**WORK TO COMPLETE:** Below is a listing; print exactly its lines from the one containing "Wedding Ceremony Invitation" down to the one containing "American Standard T203.700", both inclusive, with every picture left out.

**RECORDS FOR THE EXERCISE:**

━━━━━━

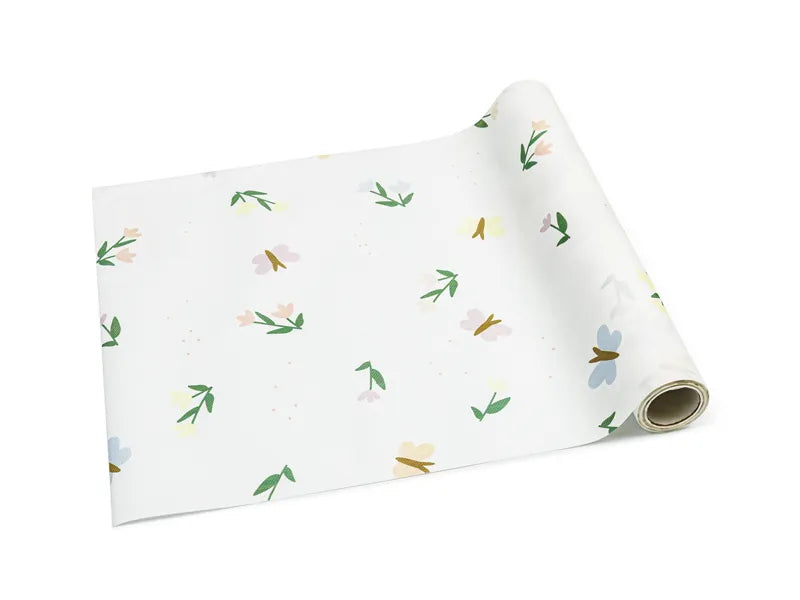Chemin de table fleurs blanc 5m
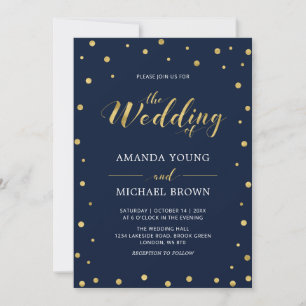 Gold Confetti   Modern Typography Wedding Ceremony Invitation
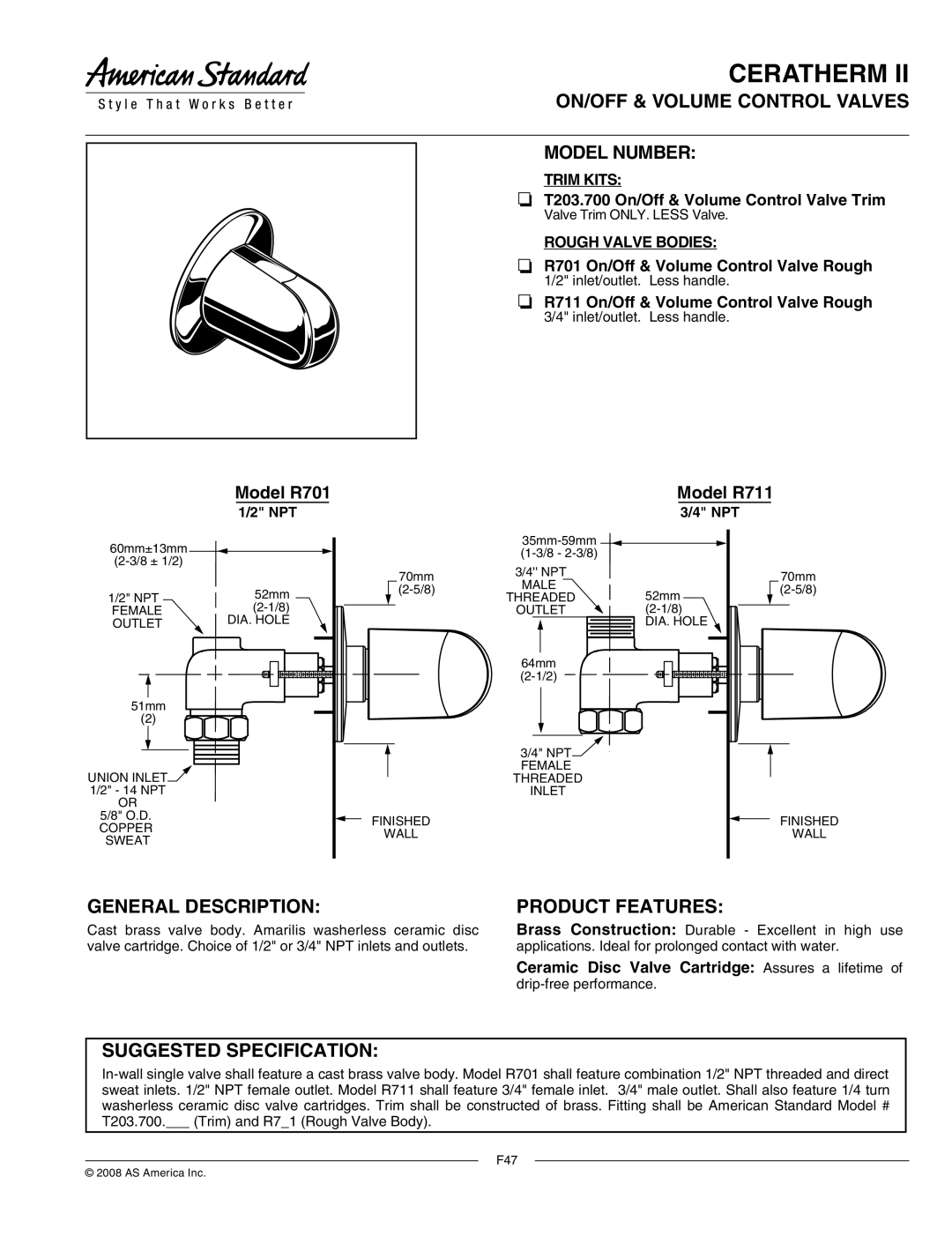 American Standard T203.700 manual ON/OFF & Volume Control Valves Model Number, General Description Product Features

━━━━━━

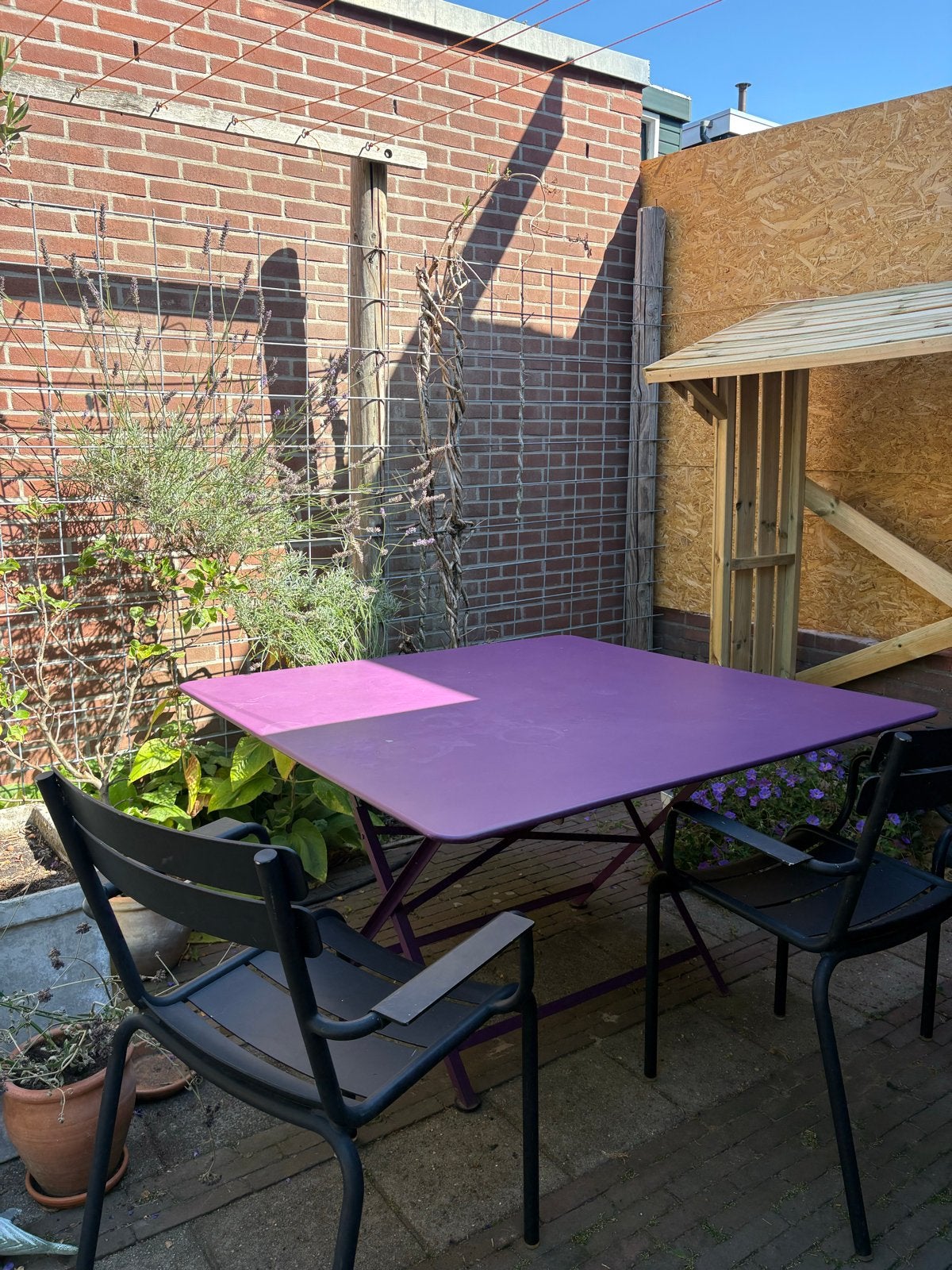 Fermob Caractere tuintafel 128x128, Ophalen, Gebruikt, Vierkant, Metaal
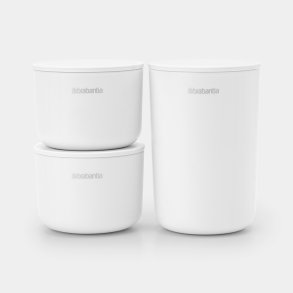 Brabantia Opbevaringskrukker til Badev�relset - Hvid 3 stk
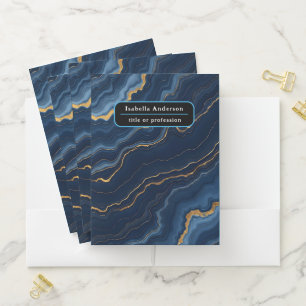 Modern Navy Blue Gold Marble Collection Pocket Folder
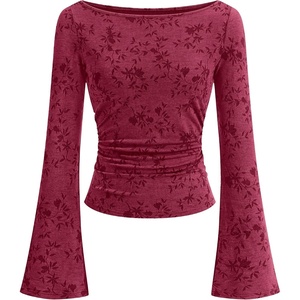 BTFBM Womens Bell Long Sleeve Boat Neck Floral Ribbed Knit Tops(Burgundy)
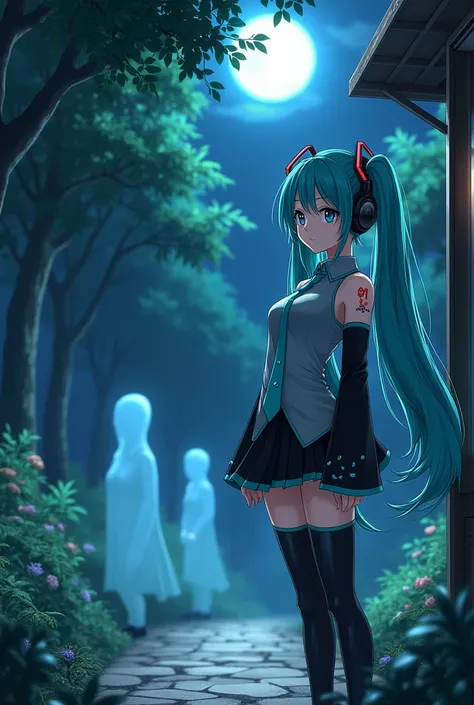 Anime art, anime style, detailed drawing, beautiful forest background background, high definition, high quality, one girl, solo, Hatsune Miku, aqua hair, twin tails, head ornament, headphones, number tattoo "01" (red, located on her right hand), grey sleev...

━━━━━━

**ANSWER TO THE PROBLEM:**
 Gold Confetti   Modern Typography Wedding Ceremony Invitation
 American Standard T203.700 manual ON/OFF & Volume Control Valves Model Number, General Description Product Features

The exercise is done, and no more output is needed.